# Penn 750 Custom



## Pompano Joe (Jan 28, 2009)

Finished this one up today, and yes, the black handle did help tone down the RED a bit. Will be jiggin' for Red Snapper next week!


----------



## dsteber (May 25, 2013)

Very nice!! My son and I will be there next week. What test line will you be using? Just trying to figure out my set up. Never fished snapper before and could use some advise. Thanks, and God Bless.


----------



## J0nesi (Jun 22, 2011)

Pompano Joe said:


> Finished this one up today, and yes, the black handle did help tone down the RED a bit.
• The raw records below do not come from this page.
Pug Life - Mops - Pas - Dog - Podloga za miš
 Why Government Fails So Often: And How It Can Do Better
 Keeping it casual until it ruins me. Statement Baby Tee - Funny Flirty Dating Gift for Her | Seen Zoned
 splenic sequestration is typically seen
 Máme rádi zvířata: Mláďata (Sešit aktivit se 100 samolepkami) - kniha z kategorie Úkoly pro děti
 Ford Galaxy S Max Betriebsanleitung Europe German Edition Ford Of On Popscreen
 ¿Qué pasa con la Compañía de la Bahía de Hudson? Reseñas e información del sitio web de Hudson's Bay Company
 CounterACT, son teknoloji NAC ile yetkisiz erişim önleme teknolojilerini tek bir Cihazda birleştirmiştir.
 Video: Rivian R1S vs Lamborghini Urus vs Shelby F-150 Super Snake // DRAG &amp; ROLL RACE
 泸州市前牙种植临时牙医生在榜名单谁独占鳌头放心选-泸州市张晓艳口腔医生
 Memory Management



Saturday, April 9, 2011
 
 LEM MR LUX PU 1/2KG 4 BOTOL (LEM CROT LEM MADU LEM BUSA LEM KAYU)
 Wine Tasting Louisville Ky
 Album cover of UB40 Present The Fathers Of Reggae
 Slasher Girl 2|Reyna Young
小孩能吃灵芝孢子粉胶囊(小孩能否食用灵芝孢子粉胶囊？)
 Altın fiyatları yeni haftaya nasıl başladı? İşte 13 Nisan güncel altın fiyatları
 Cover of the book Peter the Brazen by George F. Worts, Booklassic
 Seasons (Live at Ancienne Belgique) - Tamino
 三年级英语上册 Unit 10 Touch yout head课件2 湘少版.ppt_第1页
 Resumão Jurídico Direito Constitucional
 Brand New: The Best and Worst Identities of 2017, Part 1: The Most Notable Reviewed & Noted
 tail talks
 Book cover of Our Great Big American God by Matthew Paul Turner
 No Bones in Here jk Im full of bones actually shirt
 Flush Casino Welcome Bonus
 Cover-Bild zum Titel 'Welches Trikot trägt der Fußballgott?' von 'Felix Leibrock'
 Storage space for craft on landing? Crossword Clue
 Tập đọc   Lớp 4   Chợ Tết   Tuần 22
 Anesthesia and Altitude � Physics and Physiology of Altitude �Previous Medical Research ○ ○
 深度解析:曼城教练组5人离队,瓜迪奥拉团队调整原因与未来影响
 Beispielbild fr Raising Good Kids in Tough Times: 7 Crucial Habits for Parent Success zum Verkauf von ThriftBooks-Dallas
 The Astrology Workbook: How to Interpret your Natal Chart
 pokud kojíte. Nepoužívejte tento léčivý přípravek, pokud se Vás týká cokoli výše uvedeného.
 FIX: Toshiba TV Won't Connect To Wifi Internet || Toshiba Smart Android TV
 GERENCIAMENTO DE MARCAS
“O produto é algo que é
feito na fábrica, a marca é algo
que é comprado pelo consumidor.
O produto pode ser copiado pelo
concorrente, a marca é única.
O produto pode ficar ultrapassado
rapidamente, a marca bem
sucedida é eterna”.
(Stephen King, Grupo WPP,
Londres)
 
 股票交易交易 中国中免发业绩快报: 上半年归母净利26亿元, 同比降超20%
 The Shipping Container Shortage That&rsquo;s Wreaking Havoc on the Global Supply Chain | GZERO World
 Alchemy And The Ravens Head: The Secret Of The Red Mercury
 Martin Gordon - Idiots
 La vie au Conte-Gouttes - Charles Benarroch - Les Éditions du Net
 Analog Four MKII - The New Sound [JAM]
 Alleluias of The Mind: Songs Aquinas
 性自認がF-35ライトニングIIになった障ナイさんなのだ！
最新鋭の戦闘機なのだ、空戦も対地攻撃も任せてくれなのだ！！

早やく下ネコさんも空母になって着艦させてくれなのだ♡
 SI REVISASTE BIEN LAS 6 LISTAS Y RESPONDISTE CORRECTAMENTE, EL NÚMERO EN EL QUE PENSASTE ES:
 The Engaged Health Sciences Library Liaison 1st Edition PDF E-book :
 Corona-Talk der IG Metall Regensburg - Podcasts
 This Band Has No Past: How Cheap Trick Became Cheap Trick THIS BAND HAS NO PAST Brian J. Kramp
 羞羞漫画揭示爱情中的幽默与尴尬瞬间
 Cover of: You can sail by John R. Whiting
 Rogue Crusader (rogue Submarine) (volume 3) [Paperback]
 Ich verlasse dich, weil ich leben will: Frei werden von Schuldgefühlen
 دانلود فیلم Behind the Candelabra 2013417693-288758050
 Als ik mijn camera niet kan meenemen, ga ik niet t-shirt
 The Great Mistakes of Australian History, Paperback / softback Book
Will be jiggin' for Red Snapper next week!


 
hey i was goin to tell you on that other thread you had on this, you should do some black pin stripping on that reel to cut back on the red. that would put this reel over the top on coolness!!


----------



## Flounderpounder (Oct 3, 2007)

Wow, that is giving me serious GAS (Gear Aquisition Syndrome)!!!!! NICE!!!!!


----------



## specktackler57 (May 15, 2011)

i want one.


----------



## Ocean Master (May 20, 2008)

Looks great Joe...

Did you upgrade to the silent double dog so it doesn't click all the time..?


----------



## Pompano Joe (Jan 28, 2009)

Ocean Master said:


> Did you upgrade to the silent double dog so it doesn't click all the time..?


I started surf fishing with these and absolutely love the click! That's a great mod. though. Know lot's of people that think the click is annoying.


----------



## Ocean Master (May 20, 2008)

Hey Joe,

When your back over I have a reel for your son to collect..!! He will get a kick out of it..!!


----------